Extending Key Patriot Act Provisions - by Stephen Lendman
On October 13, 2001 New York Times writers Robin Toner and Neil Lewis headlined, "A NATION CHALLENGED: CONGRESS; House Passes Terrorism Bill Much Like Senate's, but With 5-Year Limit," saying:
The House gave "the government broad new powers for the wiretapping, surveillance and investigation of terrorism suspects. But in recognition of many lawmakers' fears of the potential for government overreaching and abuse, the House also included a five-year limit after which many of those powers would expire."

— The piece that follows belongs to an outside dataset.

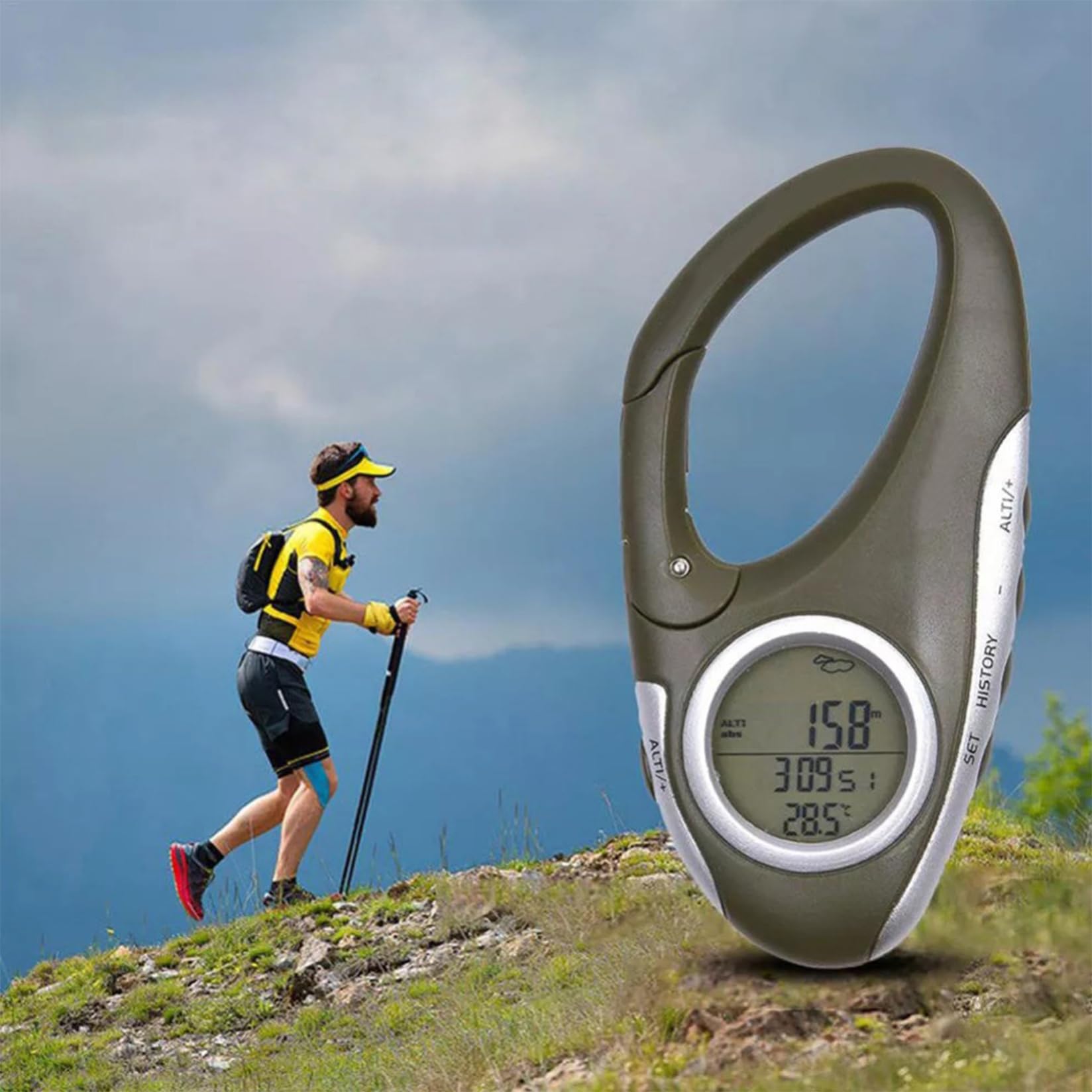 Barometro per Escursioni, Portafoglio barometrico Portatile con Orologio e Foro sospeso in Scala ridotta barometro Elettrico Multifunzionale per attività all'aperto, Sport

On October 26, George Bush signed it into law, prompting Center for Constitutional Rights senior litigation attorney Nancy Chang to ask, "What's So Patriotic About Trampling on the Bill of Rights?" saying:
"Over vigorous objections from civil liberties organizations on both ends of the political spectrum, Congress overwhelmingly approved the Uniting and Strengthening America by Providing Appropriate Tools Required to Intercept and Obstruct Terrorism Act, better known by its acronym, the USA PATRIOT Act."
In fact, the legislative process capitalized on a window of hysteria to grant unchecked executive powers. In the process, however, key Bill of Rights protections were lost or seriously eroded for the sake of security, including:
-- Fifth and Fourteen Amendment due process rights by permitting indefinite detentions of undocumented immigrants that can now apply to anyone anywhere in the world, including US citizens for any reason or none at all.
-- First Amendment freedom of association rights that the Supreme Court considers an essential part of free expression. Now anyone may be charged and prosecuted for their alleged association with an "undesirable group."